- Genre: Social Talk show Issues of the day Conversational
- Created by: Reza Rashidpour
- Presented by: Reza Rashidpour Parviz Neshat Hamid Torabian Ali Aali
- Country of origin: Iran
- Original language: Persian

Production
- Camera setup: 16:9
- Running time: 130 minutes

Original release
- Network: IRIB TV3
- Release: 30 April 2016 – 13 March 2019

= Hala Khorshid =

Iranian television program

Hala Khorshid (حالا خورشید, ) was an Iranian morning TV program produced and performed by Reza Rashidpour with a social background and an active, lively and attractive atmosphere, which was broadcast from Saturday to Thursday on IRIB TV3.

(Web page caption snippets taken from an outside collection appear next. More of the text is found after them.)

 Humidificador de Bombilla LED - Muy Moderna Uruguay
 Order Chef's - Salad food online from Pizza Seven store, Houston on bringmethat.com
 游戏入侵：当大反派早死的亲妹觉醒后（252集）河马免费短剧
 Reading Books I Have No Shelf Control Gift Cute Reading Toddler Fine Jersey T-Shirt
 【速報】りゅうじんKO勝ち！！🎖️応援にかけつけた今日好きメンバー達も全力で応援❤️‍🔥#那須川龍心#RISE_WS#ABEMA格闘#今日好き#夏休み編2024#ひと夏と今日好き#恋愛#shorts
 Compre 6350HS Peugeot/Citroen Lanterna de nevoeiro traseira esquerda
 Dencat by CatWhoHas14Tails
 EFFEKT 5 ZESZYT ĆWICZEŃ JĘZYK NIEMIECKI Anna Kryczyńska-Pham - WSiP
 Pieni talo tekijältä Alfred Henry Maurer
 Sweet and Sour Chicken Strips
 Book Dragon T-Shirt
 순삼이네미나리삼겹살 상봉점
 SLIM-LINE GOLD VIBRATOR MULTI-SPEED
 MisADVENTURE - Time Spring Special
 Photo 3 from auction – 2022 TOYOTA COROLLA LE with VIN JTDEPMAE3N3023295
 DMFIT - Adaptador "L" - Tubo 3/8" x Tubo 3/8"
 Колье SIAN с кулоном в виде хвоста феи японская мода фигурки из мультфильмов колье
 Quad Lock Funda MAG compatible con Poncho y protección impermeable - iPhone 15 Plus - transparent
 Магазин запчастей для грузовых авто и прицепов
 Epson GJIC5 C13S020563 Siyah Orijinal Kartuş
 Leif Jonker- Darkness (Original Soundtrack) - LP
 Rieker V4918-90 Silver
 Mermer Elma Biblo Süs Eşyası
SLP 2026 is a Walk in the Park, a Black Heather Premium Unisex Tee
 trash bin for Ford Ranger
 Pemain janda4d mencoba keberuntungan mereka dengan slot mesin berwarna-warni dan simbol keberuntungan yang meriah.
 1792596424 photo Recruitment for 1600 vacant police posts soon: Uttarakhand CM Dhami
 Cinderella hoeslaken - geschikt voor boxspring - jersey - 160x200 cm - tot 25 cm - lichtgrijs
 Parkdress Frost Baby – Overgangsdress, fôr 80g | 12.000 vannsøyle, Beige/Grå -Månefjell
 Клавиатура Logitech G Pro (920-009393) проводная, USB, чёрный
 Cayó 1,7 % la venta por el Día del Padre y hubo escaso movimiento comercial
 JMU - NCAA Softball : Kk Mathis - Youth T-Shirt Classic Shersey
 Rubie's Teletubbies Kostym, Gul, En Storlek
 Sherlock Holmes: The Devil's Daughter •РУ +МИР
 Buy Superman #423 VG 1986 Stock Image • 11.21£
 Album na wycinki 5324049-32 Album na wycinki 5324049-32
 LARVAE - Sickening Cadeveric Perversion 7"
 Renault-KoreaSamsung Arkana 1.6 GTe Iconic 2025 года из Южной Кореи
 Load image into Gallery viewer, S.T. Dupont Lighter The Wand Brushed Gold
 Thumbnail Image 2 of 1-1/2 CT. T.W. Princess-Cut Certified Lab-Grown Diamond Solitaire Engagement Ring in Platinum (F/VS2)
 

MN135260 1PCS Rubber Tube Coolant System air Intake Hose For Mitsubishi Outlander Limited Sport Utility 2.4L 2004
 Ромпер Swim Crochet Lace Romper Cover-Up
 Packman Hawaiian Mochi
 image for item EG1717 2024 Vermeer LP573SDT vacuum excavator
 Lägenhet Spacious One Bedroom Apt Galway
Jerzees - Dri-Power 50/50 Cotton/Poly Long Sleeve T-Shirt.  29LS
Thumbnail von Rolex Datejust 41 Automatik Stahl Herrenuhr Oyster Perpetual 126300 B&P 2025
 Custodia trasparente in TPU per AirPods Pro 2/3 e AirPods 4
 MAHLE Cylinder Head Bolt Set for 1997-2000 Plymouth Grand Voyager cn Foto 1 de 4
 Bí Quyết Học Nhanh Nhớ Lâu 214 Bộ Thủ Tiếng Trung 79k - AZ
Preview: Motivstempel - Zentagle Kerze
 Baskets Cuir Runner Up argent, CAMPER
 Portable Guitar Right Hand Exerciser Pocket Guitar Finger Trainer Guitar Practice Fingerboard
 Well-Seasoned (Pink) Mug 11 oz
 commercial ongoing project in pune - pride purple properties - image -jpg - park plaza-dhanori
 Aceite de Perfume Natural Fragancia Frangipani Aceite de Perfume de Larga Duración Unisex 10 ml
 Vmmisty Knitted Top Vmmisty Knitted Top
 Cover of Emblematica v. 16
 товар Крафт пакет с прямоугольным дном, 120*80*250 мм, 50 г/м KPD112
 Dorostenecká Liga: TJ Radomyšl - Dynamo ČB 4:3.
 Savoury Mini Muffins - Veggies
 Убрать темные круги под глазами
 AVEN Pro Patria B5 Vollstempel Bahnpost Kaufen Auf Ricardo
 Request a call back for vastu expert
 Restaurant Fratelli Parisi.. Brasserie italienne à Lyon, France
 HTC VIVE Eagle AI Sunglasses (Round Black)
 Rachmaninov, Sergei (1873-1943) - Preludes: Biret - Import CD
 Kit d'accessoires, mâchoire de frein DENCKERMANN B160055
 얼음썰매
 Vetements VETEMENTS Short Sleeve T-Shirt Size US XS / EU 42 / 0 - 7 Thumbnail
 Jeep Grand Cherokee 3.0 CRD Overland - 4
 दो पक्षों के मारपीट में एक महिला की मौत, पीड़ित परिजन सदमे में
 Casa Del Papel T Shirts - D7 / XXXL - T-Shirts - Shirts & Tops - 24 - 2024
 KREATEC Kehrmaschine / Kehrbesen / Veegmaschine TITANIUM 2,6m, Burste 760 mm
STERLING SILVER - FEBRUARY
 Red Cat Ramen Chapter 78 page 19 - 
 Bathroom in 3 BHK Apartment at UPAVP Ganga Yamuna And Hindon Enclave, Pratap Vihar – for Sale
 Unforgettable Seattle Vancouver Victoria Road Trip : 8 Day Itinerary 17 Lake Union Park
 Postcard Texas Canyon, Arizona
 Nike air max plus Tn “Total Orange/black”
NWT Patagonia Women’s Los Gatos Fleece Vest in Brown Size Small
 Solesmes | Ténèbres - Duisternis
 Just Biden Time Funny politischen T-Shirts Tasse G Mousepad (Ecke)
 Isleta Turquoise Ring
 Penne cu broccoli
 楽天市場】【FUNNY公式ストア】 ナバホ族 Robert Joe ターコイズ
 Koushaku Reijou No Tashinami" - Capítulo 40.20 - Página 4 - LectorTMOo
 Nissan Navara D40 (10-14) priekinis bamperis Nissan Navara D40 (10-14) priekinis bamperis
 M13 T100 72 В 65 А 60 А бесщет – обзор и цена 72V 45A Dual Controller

Hala Khorshid included various sections such as: reviewing the country's daily newspapers, talking to guests, yellow lights, idea exchange, underground, billboard and…

== Program sections ==
- Newspapers: Review of the country's daily newspapers and read important headlines and information
- Guest: Invite a guest related to the topic of the program and talk to him
- Yellow light: Review of marginal news and follow up on relevant issues from relevant officials and officials
- Idea Exchange: Get different ideas and find an investor
- Billboard: Introducing newsmakers in the last 24 hours
- Curriculum vitae: Examining the curriculum vitae of political and social figures and giving people a grade
- Counter and news: 5 minutes of newspaper reading and jokes with the hot news of the day
- Sports: Analysis of sports topics and events with the presence of sports journalist: Ali Aali
- Chi Chi Sho: In this section, a photo is displayed in the program and the virtual space of the program, and viewers are asked to write a comment in accordance with the subject of the photo and share it on the page of this program. The best comments will be read in the next program.
- Underground: A joke with old photos and videos performed by Hamid Parsa

== Program margins ==
- The presence of Mohammad Hosseinopour with the title of Dr. Sayan in April 2016 in the program Hala Khorshid, as the creator of a sports style and the author of a large encyclopedia who claimed to be Muhammad al-Mahdi shortly after his presence.
- The presence of Hossein Ataei, a 10-year-old car designer who claimed to have been invited to work with Tesla and Volvo and has several inventions, all of which were eventually denied.